Em comum, sobressai o forte chamamento do sangue, a esperança de que quem vem de novo possa ser melhor do que nós, que nos aproximamos da hora da partida, lembrando e honrando o exemplo de vida dos pais e dos pais dos pais, dando seguimento a valores, hábitos, falas ou até a tiques e bizarrias que fazem a especificidade de cada família e a distinguem das restantes, sem prejuízo das particularidades das diferentes gerações, dos seus anseios renovados e da mentalidade nova daqueles que nos sucedem.
É bom ser avô: ver a bebé crescer, desfrutar com as suas graças e traquinices, vê-la começar a sorrir, a articular sons ou a ensaiar os primeiros passinhos, andar depois com ela pela mão, levá-la a passear, ler-lhe histórias de embalar, chamar-lhe a atenção para o cheiro de uma flor ou da terra molhada, para a beleza de uma árvore, para a majestade do mar ou para a passagem das nuvens, visitar, com ela, um jardim ou, mais tarde, um museu, aprender a ouvir o chilrear dos pássaros e a enternecer-se com as belezas da natureza e da arte. Levá-la, no devido tempo, ao Oceanário, ao Jardim Zoológico, ao Jardim Botânico ou à Estufa- Fria, para conhecer a graça e a agilidade dos animais e apreciar a beleza das plantas. Admirar, com ela, a sucessão das estações do ano…
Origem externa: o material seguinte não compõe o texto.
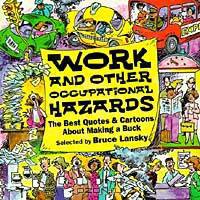 Work and Other Occupational Hazards (Humorous Quote & Cartoon Books)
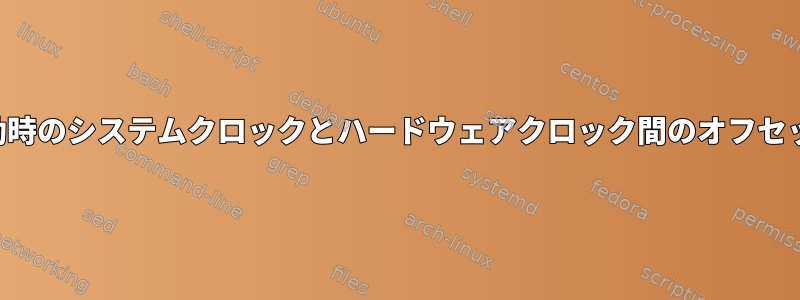 起動時のシステムクロックとハードウェアクロック間のオフセット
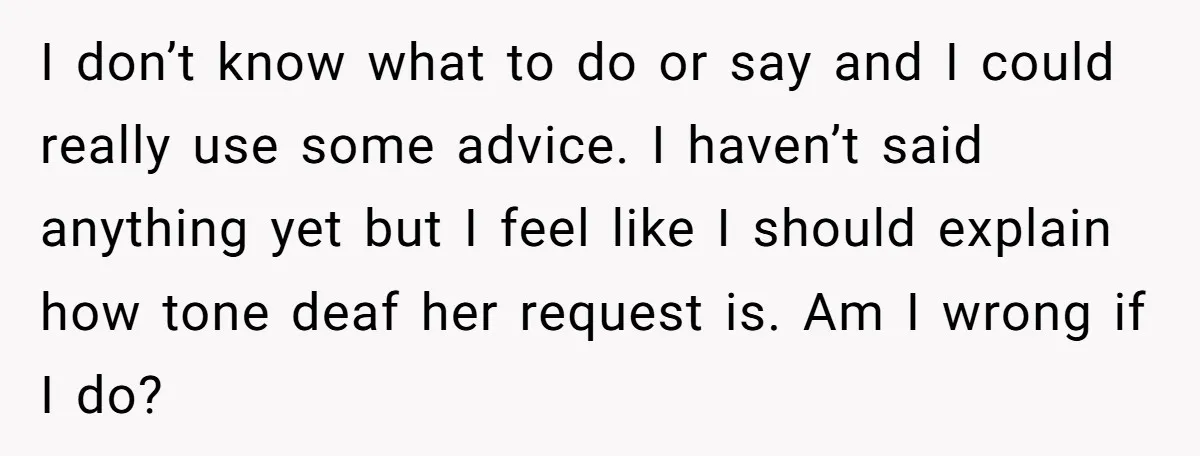 I don’t know what to do or say and I could really use some advice. I haven’t said anything yet but I feel like I should explain how tone deaf...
Sou, como já disse, um avô caloiro mas já velhote, que tentará suprir a falta da antiga energia com muita ternura e com a sageza que só o tempo dá. Assim a vida me conceda ainda a graça de a poder ver crescer, menina e minha neta.
Tempos houve, até no Ocidente civilizado, em que o nascimento de uma menina não era propriamente um feliz evento, dado que, para uma mulher, mesmo das classes altas, o futuro tinha basicamente só duas saídas “convenientes”: o casamento ou o convento…! (com o enorme “inconveniente” do dote, em qualquer dos casos…).
Vale a pena, a este propósito, determo-nos em alguns breves trechos de uma carta do célebre epistológrafo D. Francisco Manuel de Melo (também dramaturgo, político, militar, por vezes preso, desterrado, exilado, caído em desgraça ou embaixador do reino, conforme os balanços de um destino mirabolante que se desenrolou por meados do século XVII). Vejamos como ele se desenvencilha, em gentil vénia literária, da árdua tarefa de apresentar, com atraso, felicitações a um amigo pelo nascimento de uma filha primogénita:
“Tão fora do Mundo ando eu (estava preso na altura), que só hoje soube haver entrado nelle huma filha de Vossa Senhoria, que por bem e para bem entre no Mundo. A tardança desta minha manifestação de alegria bem era necessário que fosse dar em hum Soneto Natalício; mas que não seja razão para servir tão cedo a uma dama que no-lo não merece com ruins versos. Em prosa a festejemos que he estylo de que mais vezes se serve a verdade. Não estranhe Vossa Senhoria que esta Senhora se antecipasse a hum gentil herdeiro; porque afinal as mulheres há dias que em tudo se nos adiantão; e nisto de chegar a ser vistas, não darão nunca vantagem às flores da Primavera. Quanto mais que huma filha de Vossa Senhoria, por mulher, por flor e por tudo, lhe toca aparecer primeiro”.
Mas a roda do Mundo não pára e a tradição já não é o que era…
E é sabido que as meninas “levam sempre a água ao seu moinho” e são geralmente o encanto do pai. Estou em crer que sim, lembrando agora as gracinhas da minha filha e como ela sabia sempre desmontar todos os meus procedimentos censórios contra ela. E estou mesmo a ver que a Carminho vai ser ainda mais eficaz pois, com a velocidade dos progressos desta nova era, vai ser ela, seguramente, a despertar-me para as novidades e a ensinar-me muitas coisas, como por exemplo, novas formas de dizer ou como melhor lidar com as novas tecnologias. E, assim, paradoxalmente, serei eu a entrar no mundo dela e não ela no meu.
Por isso, D. Carminho, com sua licença e sem tardança, aqui me apresento eu ao seu serviço!